- Material provided:
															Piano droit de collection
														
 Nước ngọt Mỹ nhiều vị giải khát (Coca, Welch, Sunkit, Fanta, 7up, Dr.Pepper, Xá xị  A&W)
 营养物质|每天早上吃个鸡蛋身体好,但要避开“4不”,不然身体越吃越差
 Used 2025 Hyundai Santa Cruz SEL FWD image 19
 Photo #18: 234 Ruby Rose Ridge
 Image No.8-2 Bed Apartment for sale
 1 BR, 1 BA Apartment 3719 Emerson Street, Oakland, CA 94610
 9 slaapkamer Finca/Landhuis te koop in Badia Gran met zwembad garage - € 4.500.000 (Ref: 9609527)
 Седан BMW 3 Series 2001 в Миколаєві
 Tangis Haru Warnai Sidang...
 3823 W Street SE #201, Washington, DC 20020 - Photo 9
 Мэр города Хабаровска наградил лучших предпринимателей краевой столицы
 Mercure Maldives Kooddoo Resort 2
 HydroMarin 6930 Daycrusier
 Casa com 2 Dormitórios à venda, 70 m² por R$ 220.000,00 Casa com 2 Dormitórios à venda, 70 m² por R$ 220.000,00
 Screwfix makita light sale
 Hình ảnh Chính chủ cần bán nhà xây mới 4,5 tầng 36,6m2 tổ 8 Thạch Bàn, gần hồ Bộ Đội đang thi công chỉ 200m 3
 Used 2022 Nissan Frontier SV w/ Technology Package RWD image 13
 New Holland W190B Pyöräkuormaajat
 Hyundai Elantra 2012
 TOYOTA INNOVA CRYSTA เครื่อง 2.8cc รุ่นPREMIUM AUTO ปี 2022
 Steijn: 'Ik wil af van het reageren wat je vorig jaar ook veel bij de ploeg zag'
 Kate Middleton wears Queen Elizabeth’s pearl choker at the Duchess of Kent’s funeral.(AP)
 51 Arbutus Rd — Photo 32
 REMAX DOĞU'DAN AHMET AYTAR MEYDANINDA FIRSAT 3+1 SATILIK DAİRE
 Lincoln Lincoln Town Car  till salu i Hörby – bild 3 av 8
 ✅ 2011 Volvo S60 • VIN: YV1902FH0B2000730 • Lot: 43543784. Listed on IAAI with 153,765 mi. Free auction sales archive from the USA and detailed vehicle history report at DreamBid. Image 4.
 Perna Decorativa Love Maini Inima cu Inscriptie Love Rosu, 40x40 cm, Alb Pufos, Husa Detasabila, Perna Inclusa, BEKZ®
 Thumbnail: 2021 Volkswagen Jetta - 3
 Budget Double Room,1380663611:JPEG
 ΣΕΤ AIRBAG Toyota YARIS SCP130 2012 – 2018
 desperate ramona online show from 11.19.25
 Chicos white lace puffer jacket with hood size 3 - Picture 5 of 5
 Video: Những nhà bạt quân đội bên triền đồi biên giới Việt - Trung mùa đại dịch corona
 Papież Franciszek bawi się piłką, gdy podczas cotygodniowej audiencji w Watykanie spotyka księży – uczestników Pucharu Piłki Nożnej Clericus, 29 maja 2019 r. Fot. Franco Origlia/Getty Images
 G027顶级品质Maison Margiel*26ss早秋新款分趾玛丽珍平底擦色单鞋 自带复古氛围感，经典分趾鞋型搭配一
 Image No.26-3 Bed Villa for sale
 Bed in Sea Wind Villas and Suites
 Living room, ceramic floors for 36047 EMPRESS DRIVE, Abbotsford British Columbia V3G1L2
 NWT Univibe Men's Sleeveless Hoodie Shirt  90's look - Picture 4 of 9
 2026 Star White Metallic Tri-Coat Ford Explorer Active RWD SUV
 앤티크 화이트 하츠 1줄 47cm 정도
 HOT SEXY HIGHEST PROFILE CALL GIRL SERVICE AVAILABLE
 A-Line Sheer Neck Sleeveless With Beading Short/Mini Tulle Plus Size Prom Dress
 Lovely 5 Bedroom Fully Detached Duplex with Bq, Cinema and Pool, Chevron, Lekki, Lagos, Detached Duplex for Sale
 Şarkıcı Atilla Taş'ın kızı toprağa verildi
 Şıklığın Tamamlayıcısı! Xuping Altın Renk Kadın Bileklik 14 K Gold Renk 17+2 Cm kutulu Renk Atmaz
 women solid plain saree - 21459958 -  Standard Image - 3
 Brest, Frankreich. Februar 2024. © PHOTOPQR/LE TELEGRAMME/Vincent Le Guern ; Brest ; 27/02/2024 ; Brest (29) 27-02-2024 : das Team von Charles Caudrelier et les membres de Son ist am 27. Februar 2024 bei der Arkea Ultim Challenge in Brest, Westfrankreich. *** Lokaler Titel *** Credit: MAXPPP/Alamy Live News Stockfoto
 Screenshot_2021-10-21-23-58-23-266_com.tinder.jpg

- Task to complete:
Filter the listing down to the lines holding the word "from", and return those.

- Solution for this problem:
 ✅ 2011 Volvo S60 • VIN: YV1902FH0B2000730 • Lot: 43543784. Listed on IAAI with 153,765 mi. Free auction sales archive from the USA and detailed vehicle history report at DreamBid. Image 4.
 desperate ramona online show from 11.19.25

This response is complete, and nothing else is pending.